**What the exercise asks**
Every line below needs to be printed again exactly, without any of its pictures.

**Provided data**

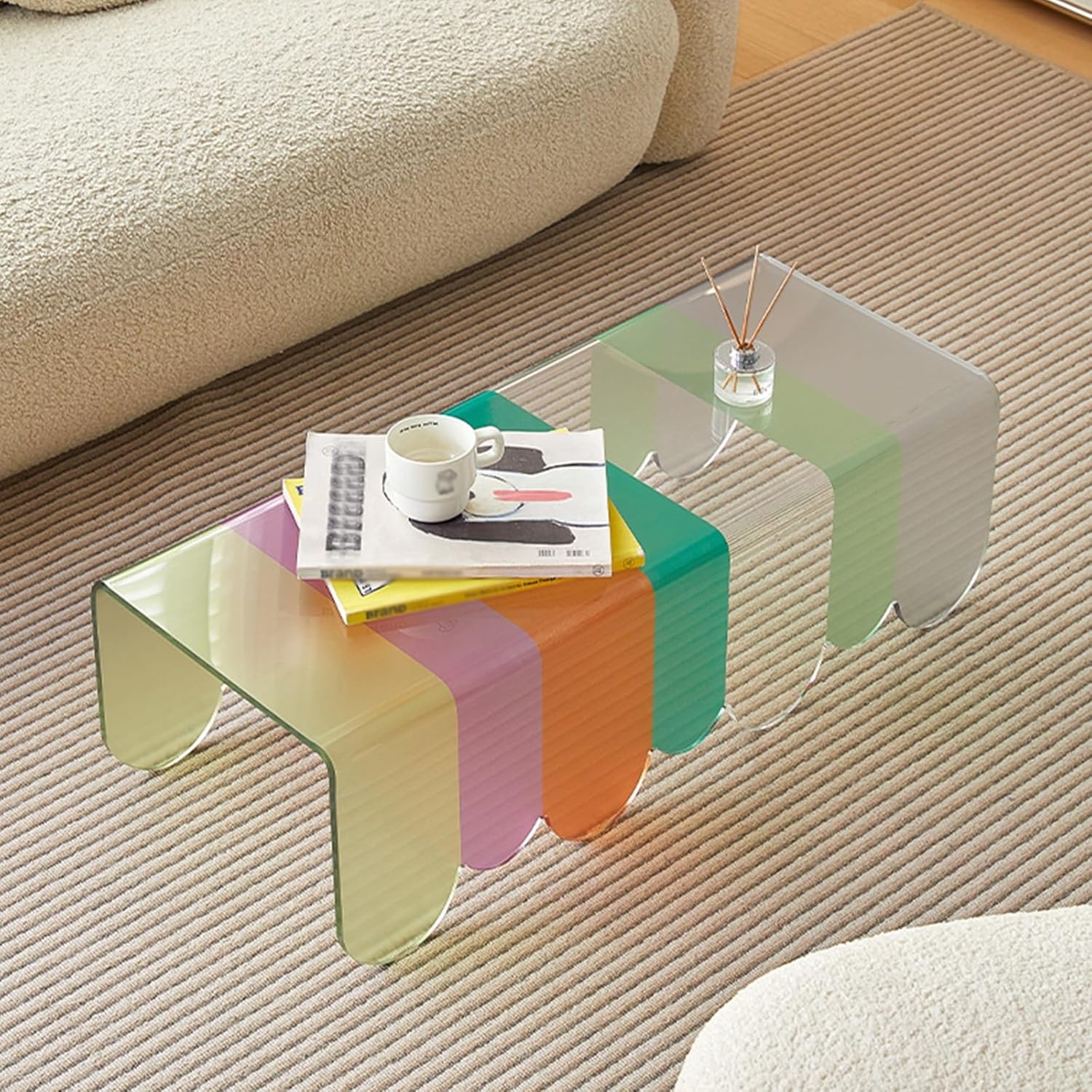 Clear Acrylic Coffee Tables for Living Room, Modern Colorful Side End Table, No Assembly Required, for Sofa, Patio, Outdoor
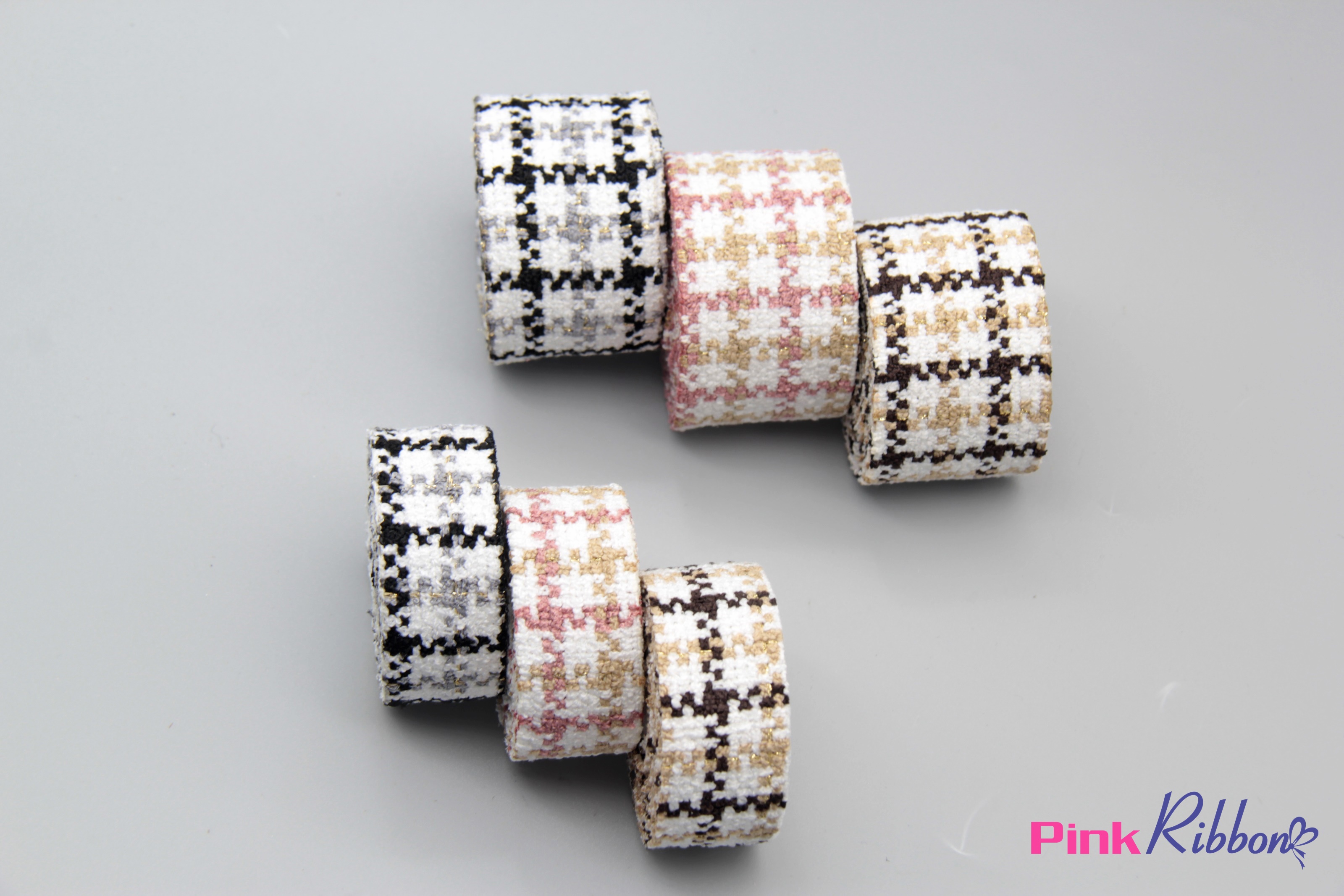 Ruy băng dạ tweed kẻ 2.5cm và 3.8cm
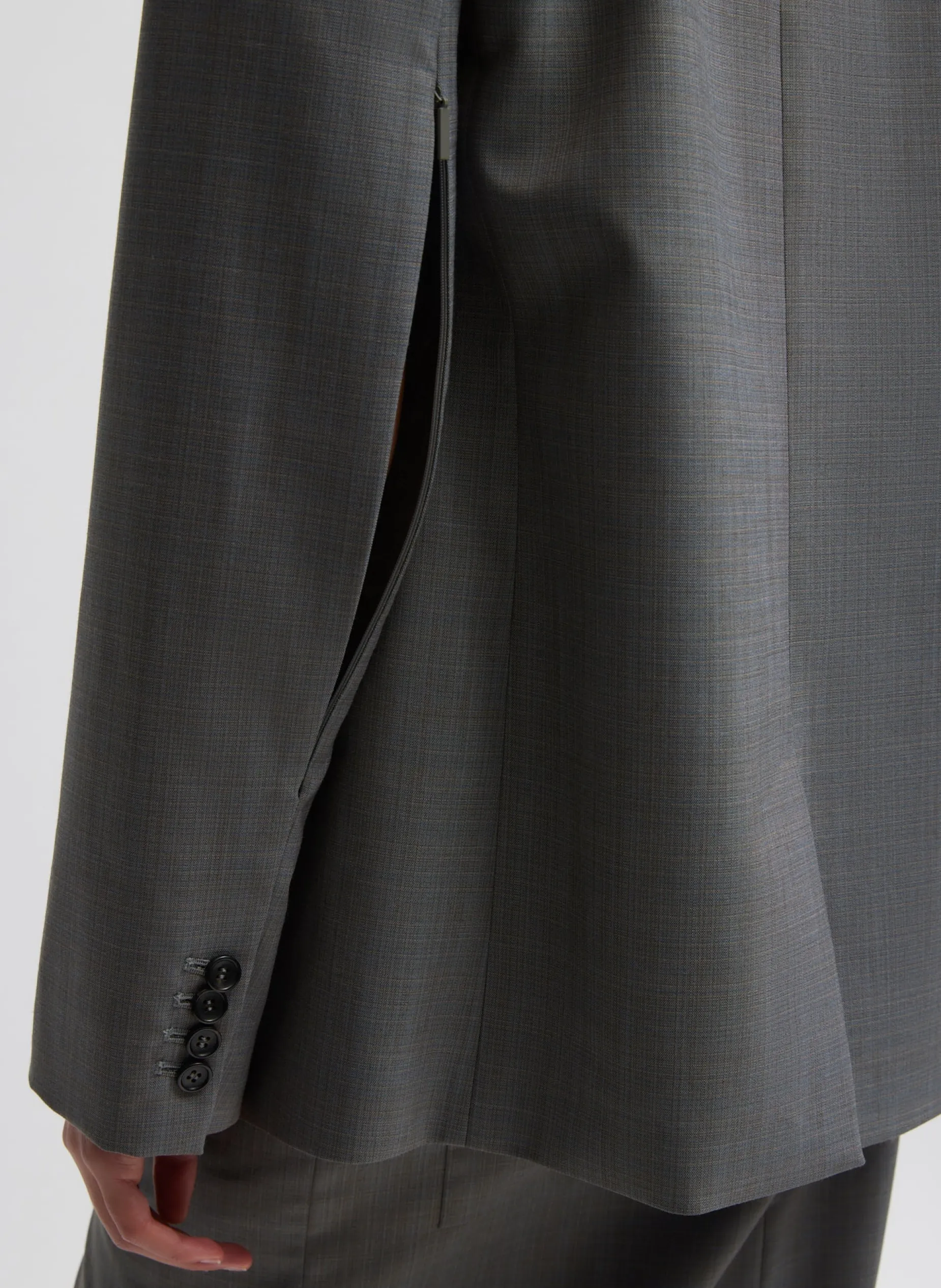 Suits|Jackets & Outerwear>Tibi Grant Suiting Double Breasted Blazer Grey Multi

**Solution to this exercise**
 Clear Acrylic Coffee Tables for Living Room, Modern Colorful Side End Table, No Assembly Required, for Sofa, Patio, Outdoor
 Ruy băng dạ tweed kẻ 2.5cm và 3.8cm
 Suits|Jackets & Outerwear>Tibi Grant Suiting Double Breasted Blazer Grey Multi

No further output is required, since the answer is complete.